Minister of Justice
- In office 15 May 2023 – 25 October 2023
- President: Zuzana Čaputová
- Prime Minister: Ľudovít Ódor
- Preceded by: Viliam Karas
- Succeeded by: Boris Susko

Member of the National Council
- In office 8 July 2010 – 28 March 2012

Former Public Defender of Rights
- In office 28 March 2012 – 28 March 2017
- Preceded by: Pavel Kandráč
- Succeeded by: Mária Patakyová

Personal details
- Born: Jana Verčíková 2 June 1952 Žilina, Czechoslovakia
- Died: 7 May 2026 (aged 73)
- Party: SDKÚ-DS
- Children: 5
- Education: Comenius University
- Occupation: Lawyer, judge, politician

= Jana Dubovcová =

Slovak lawyer and politician (1952–2026)

Jana Dubovcová (22 June 1952 – 7 May 2026) was a Slovak lawyer and politician.
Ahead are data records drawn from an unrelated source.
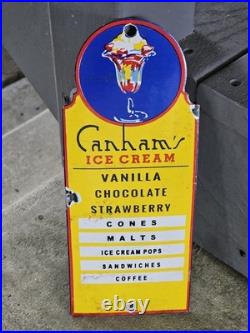 Very Nice Original Vintage Porcelain Canhams Ice Cream Sign 10 X 4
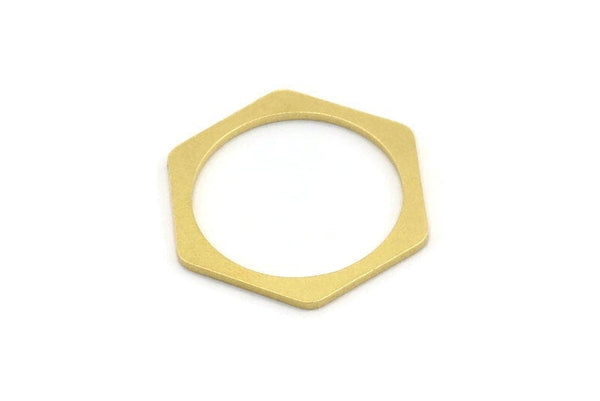Brass Hexagon Charm, 12 Raw Brass Hexagon Shaped Rings, Connectors (26x23x1mm) A4146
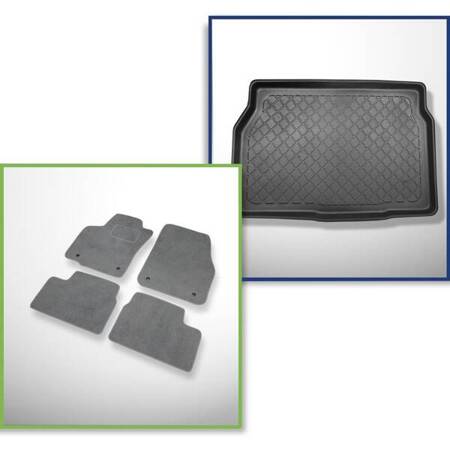 Ensemble: tapis velours + tapis de coffre pour Opel Astra H (2004-09.2009) 3 porte, 5 porte - Guardliner - sans insert supplémentaire dans le coffre ; aussi pour GTC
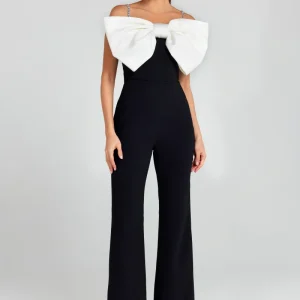 Nadine Merabi Jenny Large Bow Front Black White Diamante Strap Jumpsuit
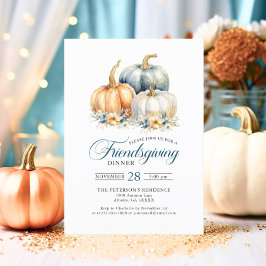 Invitación Cena amistosa Naranja azul Calabazas de oro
From May to October 2023 she served as the Minister of Justice of Slovakia. She was a deputy Member of the National Council from 2010 to 2012.

== Background ==
Jana Dubovcová, née Jana Verčíková, was born on 22 June 1952 in Žilina. She studied law at the Comenius University, graduating in 1977.

During her tenure as a judge she earned recognition from the Transparency International a champion of transparency, who was often critical of her fellow judges. Because of this, she faced accusations of politicizing the courts.

Dubovcová died on 7 May 2026, at the age of 73.

== Political career ==
In 2010 Slovak parliamentary election, she gained an MP seat on the list of Slovak Democratic and Christian Union – Democratic Party. She did not serve the entire term as on 28 March 2012 she was elected ombudsman.

As an ombudsman, Dubovcová became known for defending the rights of the Romani residents of Budulovská near the town of Moldava nad Bodvou, who were brutalized by the police. She also criticized the decrease of social transfers for the poor. For her activities as an ombudsman, she received the Human Rights Defender prize from the U.S. embassy.

In the 2020 Slovak parliamentary election Dubovcová ran on the joint list of Progressive Slovakia and SPOLU, which narrowly failed to pass the parliamentary representation threshold.

On 15 May 2023, president Zuzana Čaputová installed Dubovcová as the Minister of Justice in her technocratic government.